Many synthetic biologists cite one of Richard Feynman's many famous quotations as the inspiration for their work: "What I cannot create I do not understand." For synthetic biology the interpretation is clear--only by designing and building living systems will we truly understand the principles underlying the functions of living cells.
This connection between knowing and making that defines much of synthetic biology research today is, however, a much older idea, rooted in the philosophy of the enlightenment and centuries of western science. The 18th century philosopher Giambattista Vico said "Verum et factum convertuntur" or "The true and the made are convertible." Immanuel Kant discussed similar sentiments in 1787 in his Critique of Pure Reason, "Reason has insight only into what it itself produces according to its own plan."
During the early days of computer science, this concept was given a computational flavor by John von Neumann--"If you can't compute it you don't understand it!", an interesting twist considering how many synthetic biologists think of DNA as the "software" of the cell that synthetic biologists can "program" to behave how we want.
While none of the other quotations have the same quotability and staying power of Feynman's, they are all interesting for historically grounding the concepts of synthetic biology and the creative aspects of the scientific process, critical to much of the science and philosophy of the past three hundred years.
great stuff. Really been enjoying the blog.
I really have no idea why your blog isn't more popular.

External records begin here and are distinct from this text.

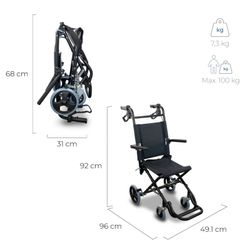 Fauteuil roulant de transport pliable en aluminium noir Saturno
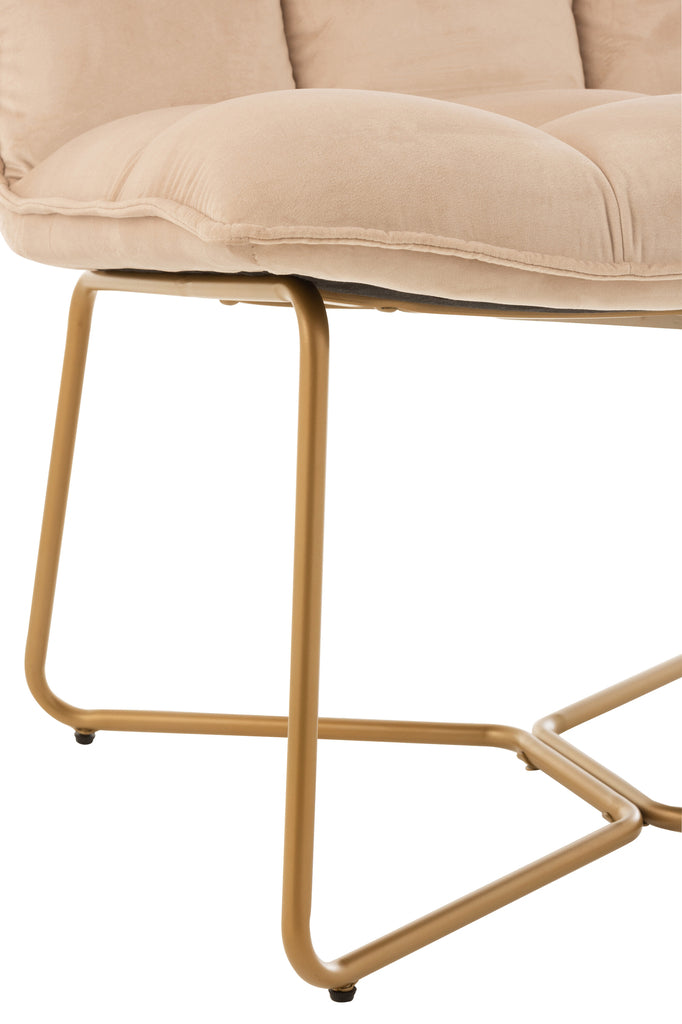 J-Line Lounge Chair Lisa Textil Metall Beige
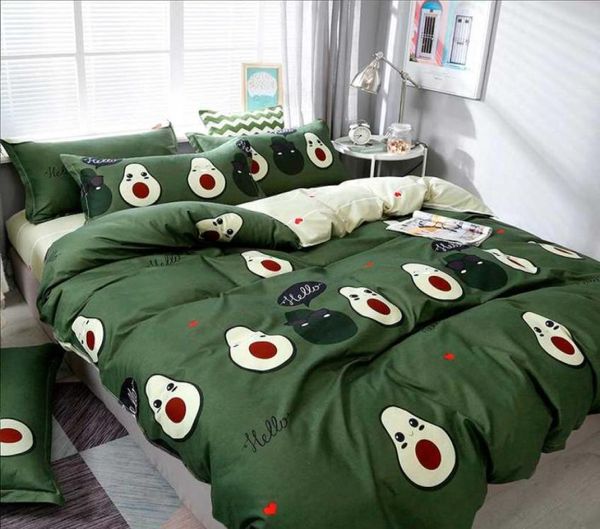 Stilvolles grünes Avocado-Bettwäsche-Set, Bettwäsche und Bettbezüge, Kissenbezüge, Bettwäsche-Set 7278891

I like these quotes, and agree with them pretty much. However one can understand something without being able to influence its course. We understand (pretty much) the fluid and energy flows that cause and influence the weather, and can write down the equation that describe what is going on. Those equations can't be solved, but that is not because of a lack of understanding, but because of the computational difficulty.
I particularly like the von Neumann quote which brings in computability. It might be useful to consider the history of artificial intelligence, particularly what is known as the AI winter, when funding for AI was withdrawn because the hype of AI claims didn't match what AI developers were able to achieve.
Synthetic biology will likely face similar problems and for similar reasons. Physiology is (I think) a lot more complicated than is intelligence. Physiology has already produced intelligence, intelligence must be simpler than physiology.
Physiology is comprised of at least thousands of non-linear coupled parameters. Such systems are inherently chaotic and are inherently non-predictable over the long term. That chaos is why the weather is not predictable long term. The same chaotic-type effects are important in physiology too.
Great quotes and post.
As I (an engineer) learn more about this fascinating field of synthetic biology I am also beginning to appreciate more and more the differences in how most scientists think vs. engineers.
"What I cannot create I do not understand"
A goal is implicit in this quote: knowledge. This is, of course, the goal of all science that makes our world possible and life worth living.
But engineers look at the world differently, and our goal is "to solve the problem." Hence the continuous investment in software abstraction layers that allow us to work more efficiently (solve more problems) while diminishing our knowledge of the underlaying systems that drive it.
As this exciting field of synthetic biology develops it will be interesting to see the human interface between inter-disciplinary teams.